BG scoop secures Shell’s deepwater, LNG status: Wood Mackenzie
EDINBURGH -- "First mover advantage secures Shell industry leading positions in deepwater oil and LNG," says Tom Ellacott, V.P. of corporate analysis for Wood Mackenzie, reacting to the Shell BG deal.
The deal values BG's equity at $70 billion, plus net debt of $12 billion and completion is expected in early 2016. According to Wood Mackenzie, Shell has made a compelling first move on the M&A market, using its financial strength to take advantage of the slump in oil prices.
Here are four key takeaways from the merger as identified by Wood Mackenzie:
1. It’s about deepwater oil: A real prize for Shell is the oil in deepwater Brazil. 60% of BG’s production in 2015 is gas, but the proportion will decline over the next 10 years to 50% as the giant Brazil pre-salt fields come onstream. By 2025, Brazil will be delivering 550,000 bopd—13% of BG/Shell’s total production, the biggest single country position in the combined portfolio.
2. An LNG behemoth emerges: The deal combines the two largest IOC LNG players to create an industry giant. By 2018, the combined entity will control sales of 44 MMtpa of LNG, making it the largest LNG seller in the world. Shell will have unrivalled flexibility and exposure to virtually every major LNG supply source and market globally, which means significant scope for portfolio optimization. The move re-energizes Shell's LNG development pipeline, adding a leading U.S. position, entry to East Africa, and new options to expand an already giant presence in Australia and Canada.
3. Unlocking the hidden value: The sum of the parts is often bigger than the whole in a merger of two, high quality diverse portfolios—especially buying at the low point of the cycle. Shell has said it will sell $30 billion of assets between 2016 and 2018. Wood Mackenzie sees scope for significant value creation, once the asset market picks up, in trading out of country positions or assets that no longer fit.

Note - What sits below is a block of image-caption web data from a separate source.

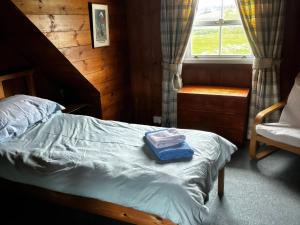 a bedroom with a bed with a blue box on it at Strathnoon in Inverness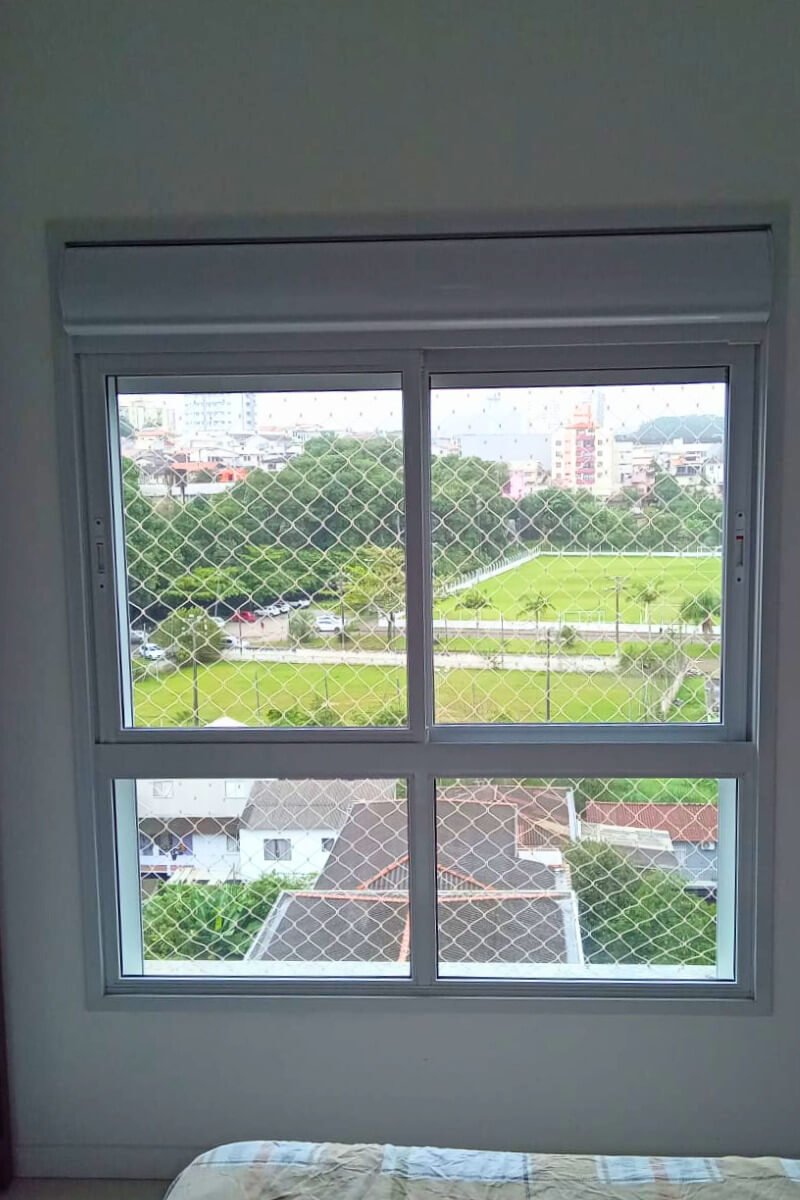 Janela de alumínio de correr com rede de proteção, permitindo a vista segura para um campo de futebol gramado ao fundo.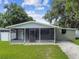 Front view of a charming house with a screened porch at 7024 Filbert Ln, Tampa, FL 33637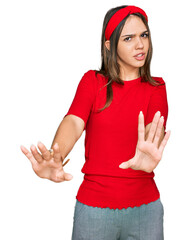 Wall Mural - Young brunette woman wearing casual clothes doing stop gesture with hands palms, angry and frustration expression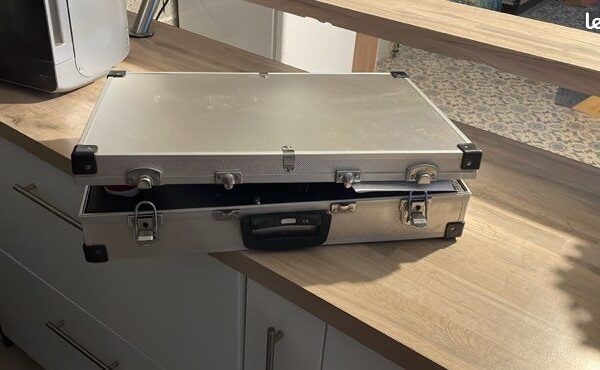 Valise métallique argentée ouverte sur un comptoir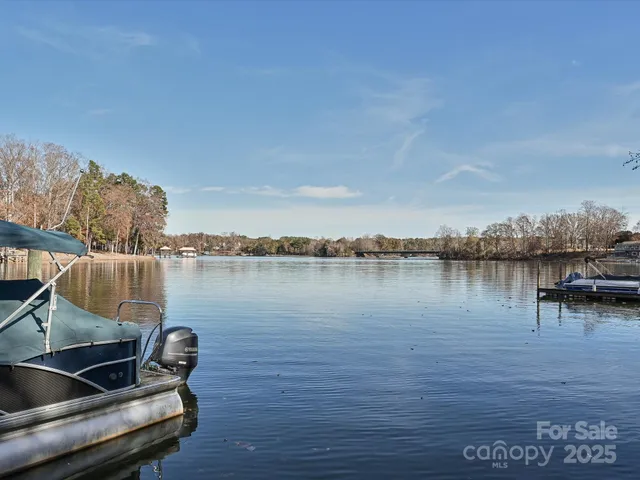 a view of a lake with couches chairs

4. Floodgates open? Most of the big players—IOCs and NOCs—are weighing up opportunistic acquisitions, but few have the means or appetite for deals anywhere near this scale. Most of the Majors are hamstrung by near-term financial stretch, and Asian NOCs are contending with growing political scrutiny of M&A strategy, past and future. According to Wood Mackenzie, Exxon Mobil stands out as the most likely candidate to pull the trigger on the next big deal. Companies that are unloved by the market but big in strategic resource themes—U.S. tight oil, East Africa LNG, deepwater or frontier exploration—will be the focus of their attention. But don't expect a wave of late 90s style consolidation.